This time around the band find themselves in their darkest corner, drug-induced up to the eyeballs with cocaine spilling from the speakers, and yet still the four-piece plough on, churning out another set of astonishing tunes.
Album opener is the dirty dirge known as ‘Wheels Of Confusion’, the sort of track that seems to suggest the band are wallowing in their own self-pity, a world now riddled with booze, blues and drugs. Even so, the riff, despite lumbering along, is once again killer, with Bill Ward, although at the end of his tether, is rattling away as if his habits depended on it. For some, the track is too self-indulgent, an eight-minute rambler that incorporates what has become known as ‘The Straightener’ and it’s the sort of jam one would expect for an album closer rather than the opener.
Track two is the bubbling ‘Tomorrow’s Dream’, a heavy blues-laced chuggernaut that once again features another Tony Iommi riff sent down from the gods, while Geezer Butler adds further weight to matters.

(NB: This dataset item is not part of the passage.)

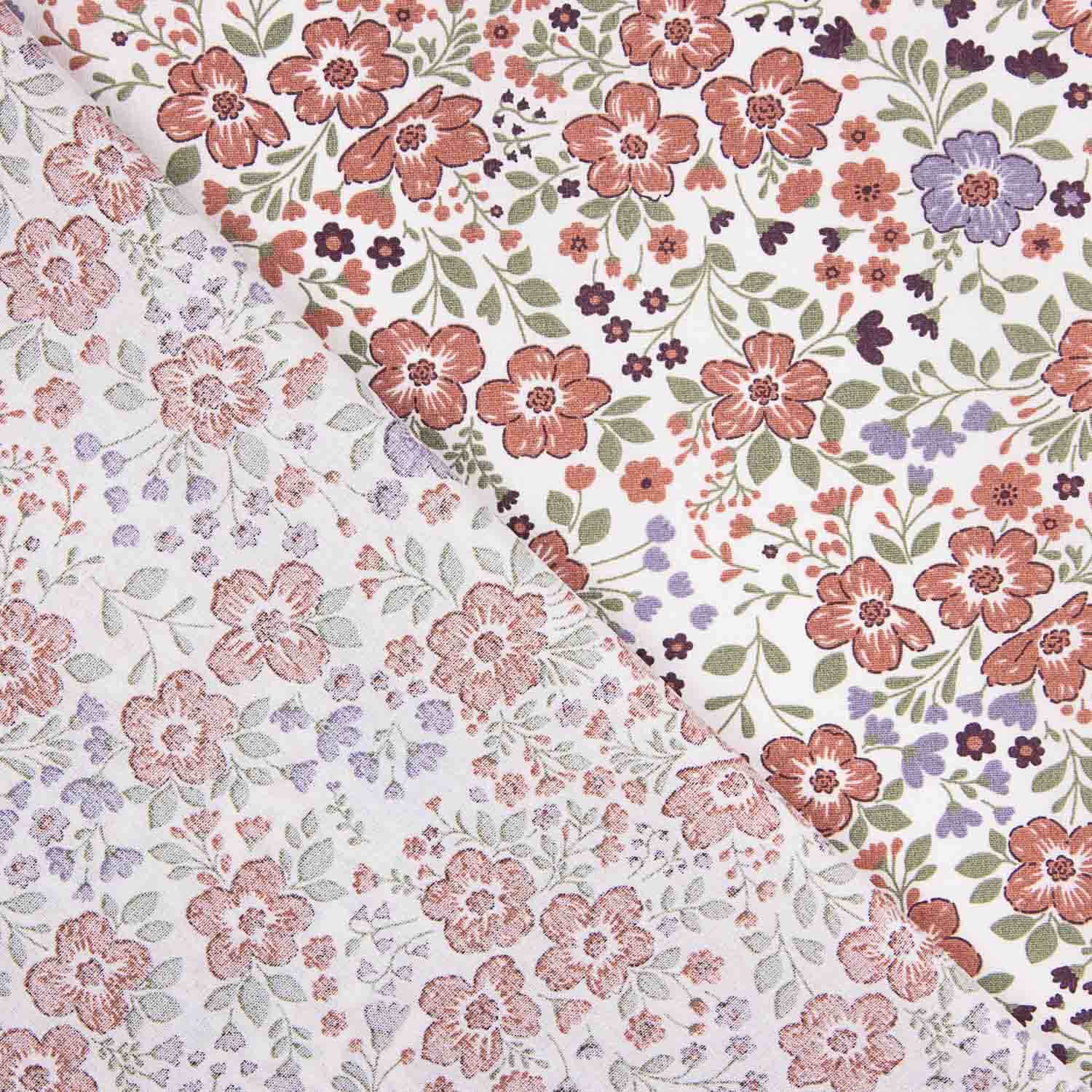 Popeline de algodão estampado com flores lilás e telha - Ribes y Casals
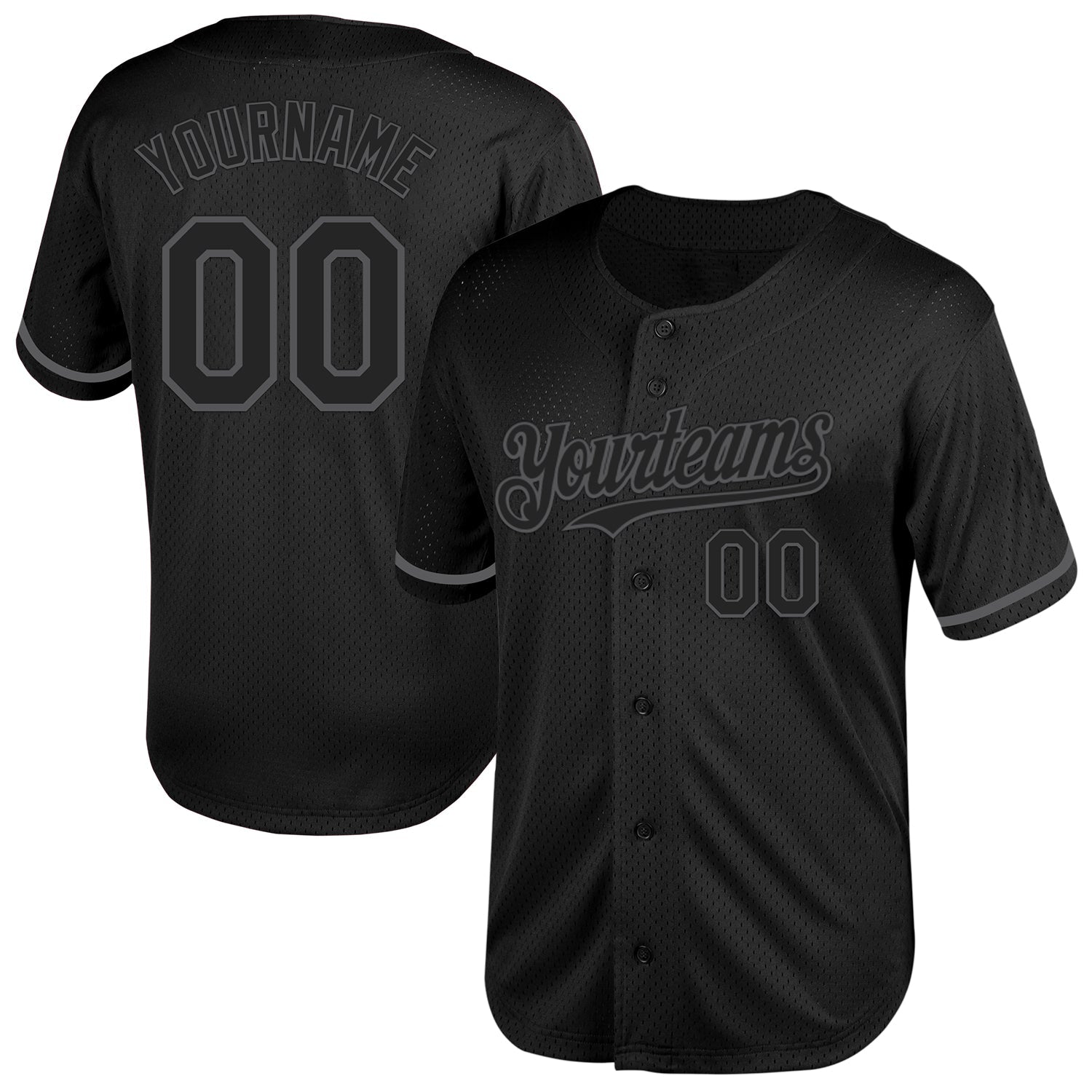 Custom Black Steel Gray Mesh Authentic Throwback Baseball Jersey - Main View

Such is the darkness now that smothers the Sabs sound, that Ozzy Osbourne seems almost intoxicated by the grey haze of fumes. Strangely, ‘Tomorrow’s Dream’ was released as a single but not surprisingly failed to chart, especially when one considers that the B-side was the baffling instrumental ‘Laguna Sunrise’, which also features on the album.
‘Laguna Sunrise’ is another of those wistful Sabbath moments to break up the doom, and sits alongside the weirder spook-fest that is ‘FX’, an instrumental that sounds more like a message from space rather than a piece of music.
However, weirdness aside, Black Sabbath really shines on the momentous ‘Snowblind’. If ever there was a drug anthem it’s this, Ozzy’s vocals drowning in a sea of powder as Iommi’s riffs fill the ears with star-dust and Ward’s drums dance with the fairies.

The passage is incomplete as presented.